New Delhi, 26 March 2006

India is poised for good days if the Government can get the opposition to look at its policies with open eyes and not just for the  sake of opposing all that the

Dr Manmohan Singh team is doing.

Frontline’s issue of March 24th with an appropriate title ‘What Next’ makes a good analysis of the deals USA is forging with India. It also has a good piece by A G Noorani on the solution for Kashmir as a formula. It is at this time that Bush has issued the new National Security Strategy March 2006 and these inputs are straight from the Big Apple. Bush does not have good words to say about China.

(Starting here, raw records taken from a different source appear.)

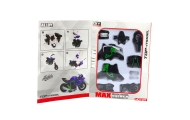 Motocykl Do Składania Skręcania Metal 1:14 DIY Zielono-Czarny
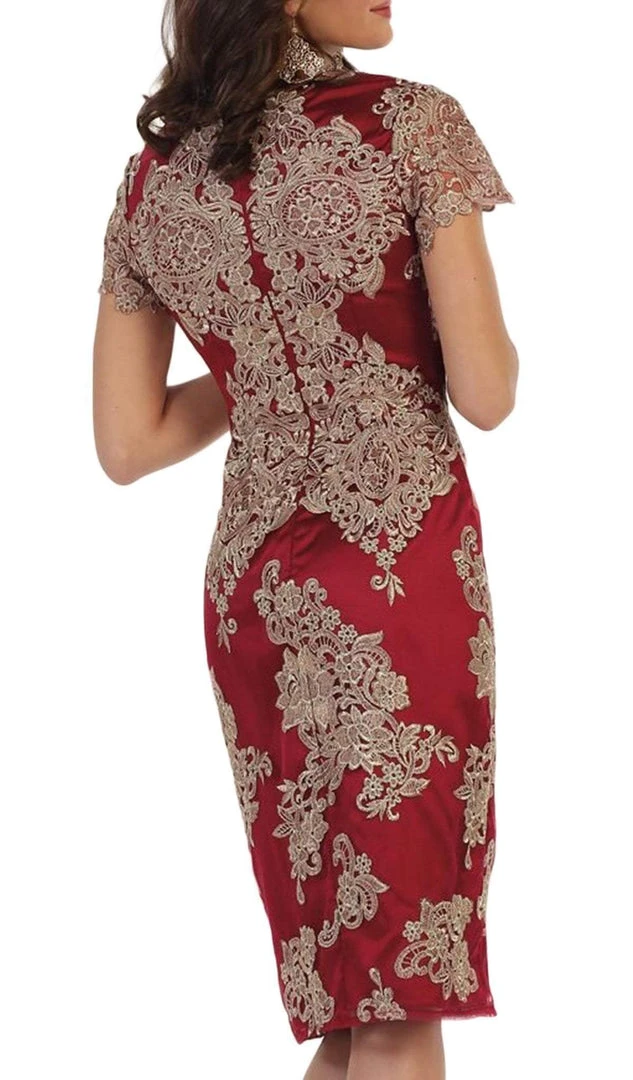 Cocktail Dresses May Queen - Embroidered Short Sleeve Column Formal Dress 6 Cocktail Dresses May Queen - Embroidered Short Sleeve Column Formal Dress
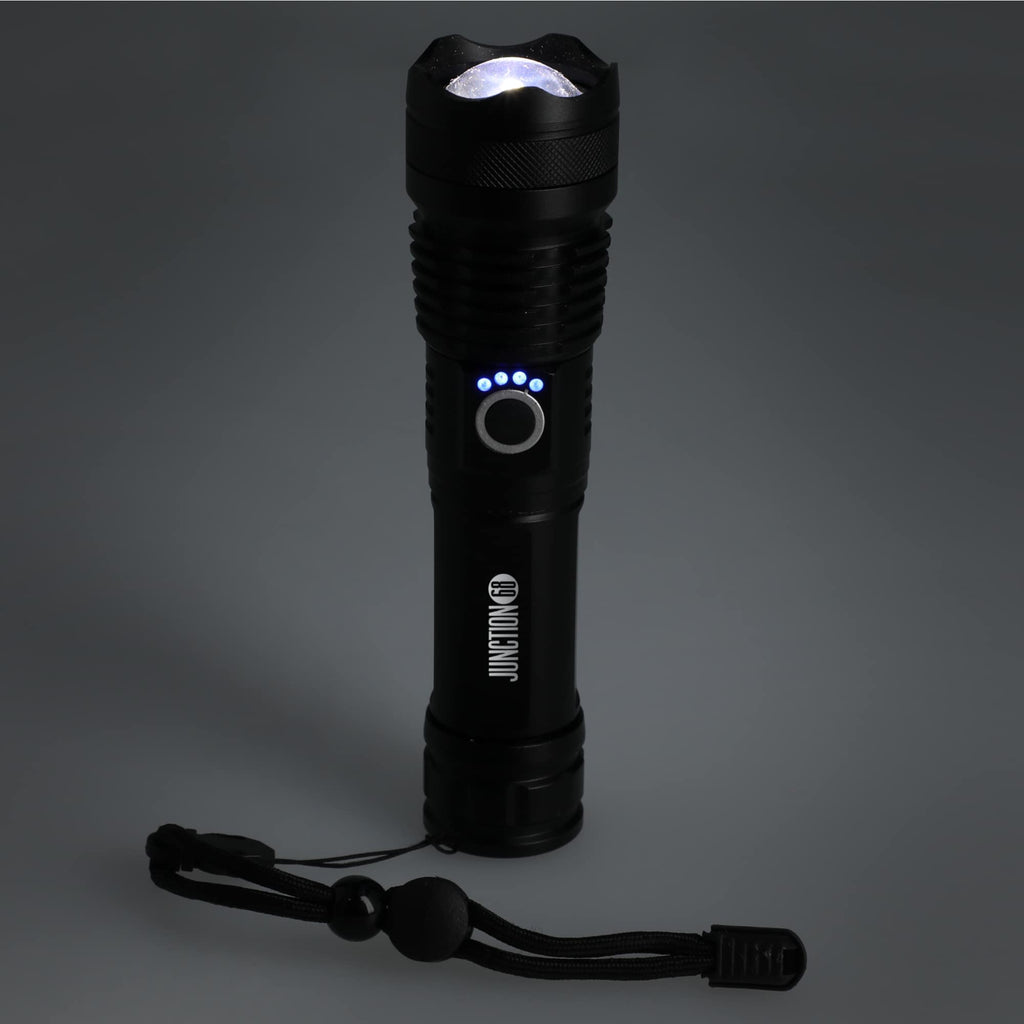 High Sierra Recycled Aluminum Zoom Flashlight, 200 Lumens Laser Engraving - Black - Front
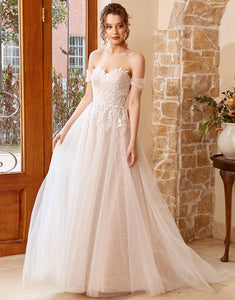 A Line Halter White Long Wedding Dress with Appliques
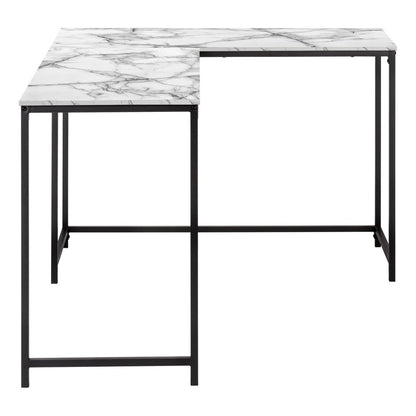 58" White and Black Faux Marble Wood And Metal Corner Computer Desk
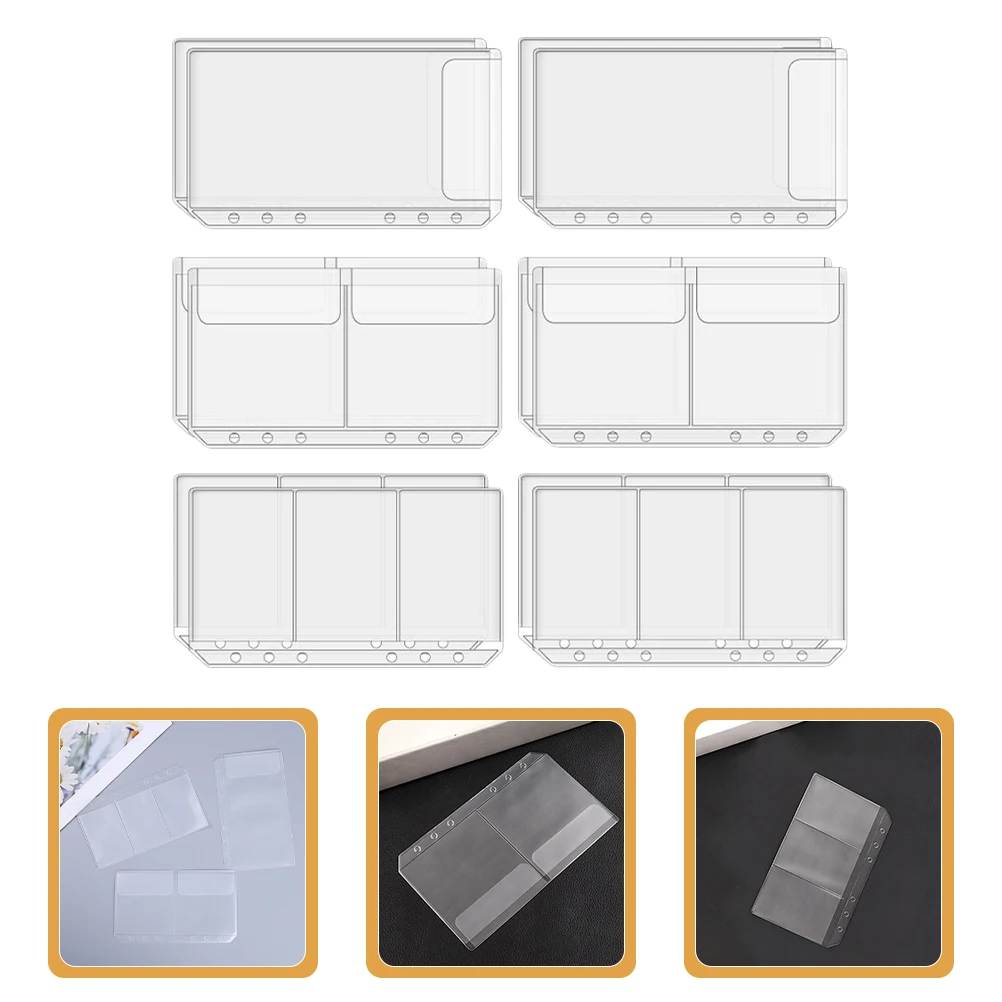 

12 Pcs A6pvc Storage Bag Binder Pocket Pouch Pouches Transparent Sleeves with Pockets Accessories Business Card Miss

The White House yesterday released America’s new National Security Strategy March 2006. It may be recalled that in the previous National Security Strategy document published in September 2002, President Bush had said: "The United States has undertaken a transformation in its bilateral relationship with India... We are the two largest democracies, committed to political freedom protected by representative government. We have a common interest in the free flow of commerce, including through the vital sea lanes of the Indian Ocean. Finally, we share an interest in fighting terrorism and in creating a strategically stable Asia".

In the latest National Security Strategy March 2006, President Bush says:

"India is a great democracy, and our shared values are the foundation of our good relations..... "We have made great strides in transforming America’s relationship with India, a major power that shares our commitment to freedom, democracy, and rule of law. In July 2005, we signed a bold agreement –– a roadmap to realize the meaningful cooperation that had eluded our two nations for decades. India now is poised to shoulder global obligations in cooperation with the United States in a way befitting a major power".

And this is what the National Security Strategy March 2006 has to say about China:

"China encapsulates Asia’s dramatic economic successes, but China’s transition remains incomplete. In one generation, China has gone from poverty and isolation to growing integration into the international economic system. China once opposed global institutions; today it is a permanent member of the UNSC and the WTO. As China becomes a global player, it must act as a responsible stakeholder that fulfills its obligations and works with the United States and others to advance the international system that has enabled its success: enforcing the international rules that have helped China lift itself out of a century of economic deprivation, embracing the economic and political standards that go along with that system of rules, and contributing to international stability and security by working with the United States and other major powers.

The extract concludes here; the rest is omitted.